A conservação de um complexo que ocupa 200 hectares — os nazistas construíram três campos, apesar de o museu atual só incluir visitas ao I e ao II (Birkenau) — requer uma injeção financeira que recaiu essencialmente sobre a Polônia, forçada por razões geográficas, apesar de sua nula responsabilidade política no genocídio. Pouco receptiva aos pedidos do Governo polonês (“Cada nação tem o dever inalienável de proteger estes lugares”, dizia o ministro da Cultura e Patrimônio), a contribuição internacional até 2009 tinha representação irrisória — entre 1% e 3% de um orçamento anual de 8 milhões de euros (26 milhões de reais). Naquele ano, os responsáveis pelo museu, aberto em 1947 e com acesso gratuito (paga-se apenas pelo serviço de guia), lançaram um aviso claro: teriam de fechar Auschwitz em pouco tempo diante da falta de meios para preservar seus barracões, cercas, escritórios e demais restos materiais.
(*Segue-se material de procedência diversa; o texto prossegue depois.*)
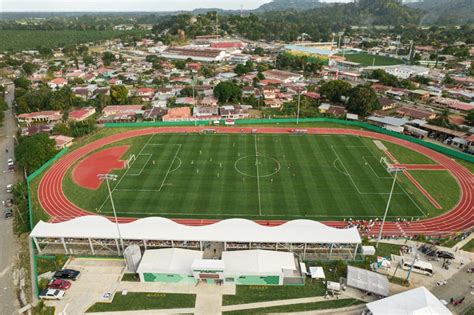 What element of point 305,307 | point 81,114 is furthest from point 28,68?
point 305,307

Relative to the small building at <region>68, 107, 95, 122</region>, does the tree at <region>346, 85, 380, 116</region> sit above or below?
above

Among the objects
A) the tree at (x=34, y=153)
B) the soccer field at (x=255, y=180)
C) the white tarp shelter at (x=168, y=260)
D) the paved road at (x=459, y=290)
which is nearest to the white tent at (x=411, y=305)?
the paved road at (x=459, y=290)

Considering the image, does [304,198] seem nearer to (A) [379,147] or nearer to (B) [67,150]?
(A) [379,147]

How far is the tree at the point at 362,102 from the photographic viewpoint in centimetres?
6675

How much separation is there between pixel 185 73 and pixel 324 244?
3680 inches

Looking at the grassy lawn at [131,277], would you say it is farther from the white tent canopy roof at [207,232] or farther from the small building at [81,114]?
the small building at [81,114]

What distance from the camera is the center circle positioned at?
151 ft

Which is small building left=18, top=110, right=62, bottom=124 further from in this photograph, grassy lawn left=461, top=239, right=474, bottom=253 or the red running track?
grassy lawn left=461, top=239, right=474, bottom=253

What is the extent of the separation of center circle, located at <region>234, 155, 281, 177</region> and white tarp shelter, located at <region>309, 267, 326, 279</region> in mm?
19465

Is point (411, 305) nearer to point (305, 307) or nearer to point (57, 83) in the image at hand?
point (305, 307)

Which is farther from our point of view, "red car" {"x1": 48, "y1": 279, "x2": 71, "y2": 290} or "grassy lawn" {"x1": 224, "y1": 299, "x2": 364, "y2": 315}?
"red car" {"x1": 48, "y1": 279, "x2": 71, "y2": 290}

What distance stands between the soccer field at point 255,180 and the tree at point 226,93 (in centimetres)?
2151

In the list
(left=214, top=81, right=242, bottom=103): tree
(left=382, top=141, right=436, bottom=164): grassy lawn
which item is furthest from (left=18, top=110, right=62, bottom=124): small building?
(left=382, top=141, right=436, bottom=164): grassy lawn

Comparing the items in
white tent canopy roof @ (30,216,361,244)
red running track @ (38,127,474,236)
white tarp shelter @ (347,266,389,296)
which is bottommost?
red running track @ (38,127,474,236)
Até 2009, quase todos os custos do museu eram arcados pela Polônia

Empurrado pelo temor de que o desaparecimento das últimas testemunhas se traduzisse na morte da memória do que aconteceu, Wladyslaw Bartoszewski, prisioneiro 4.427 entre setembro de 1940 e abril de 1941 e responsável pelo Conselho Internacional de Auschwitz, promoveu então a formação de uma fundação internacional que deveria arrecadar 120 milhões de euros (391 milhões de reais) para constituir um capital (o chamado Fundo Perpétuo) que permitisse financiar com seus rendimentos anuais os trabalhos necessários de restauração e manutenção. Em suas intervenções, Bartoszewski expunha sua preocupação: “O momento em que não vão mais restar testemunhas se aproxima inexoravelmente. Entre nós permanece a convicção de que, quando as pessoas se forem, as pedras vão gritar. Está ligado à natureza humana, porque quando não resta vestígio tangível os acontecimentos do passado caem no esquecimento”.
Desde a criação da fundação, em janeiro de 2009, somaram-se a ela 31 países cujos aportes econômicos alcançaram 102 milhões de euros, o que não está longe da meta (120 milhões). Por razões óbvias, a Alemanha foi o Estado mais generoso e diligente ao receber a petição do então primeiro-ministro polonês, Donald Tusk: doou a metade do valor requerido (60 milhões de euros). Mais tarde se somariam numerosos países de distintos continentes, tamanhos e poderio econômico para respaldar a sobrevivência de Auschwitz. Também algumas cidades, como Paris (310.000 euros), e contribuintes particulares. A Espanha, apesar dos contatos mantidos com a fundação, permaneceu à margem. Quando uma delegação visitou Madri em setembro de 2010 para explicar o projeto, o Governo espanhol se mostrou receptivo e se comprometeu a tomar uma decisão até o fim daquele ano. “Desde então, não fizeram nenhum aporte financeiro”, assinala o relatório anual do organismo polonês. Fontes diplomáticas espanholas afirmam que a natureza da fundação dificulta o ajuste jurídico para fornecer-lhe ajuda econômica – e assinalam que as fórmulas alternativas oferecidas foram rejeitadas. A União Europeia superou seus obstáculos jurídicos contribuindo com 4 milhões de euros (13 milhões de reais) para os projetos de conservação que o Museu de Auschwitz executa por conta própria.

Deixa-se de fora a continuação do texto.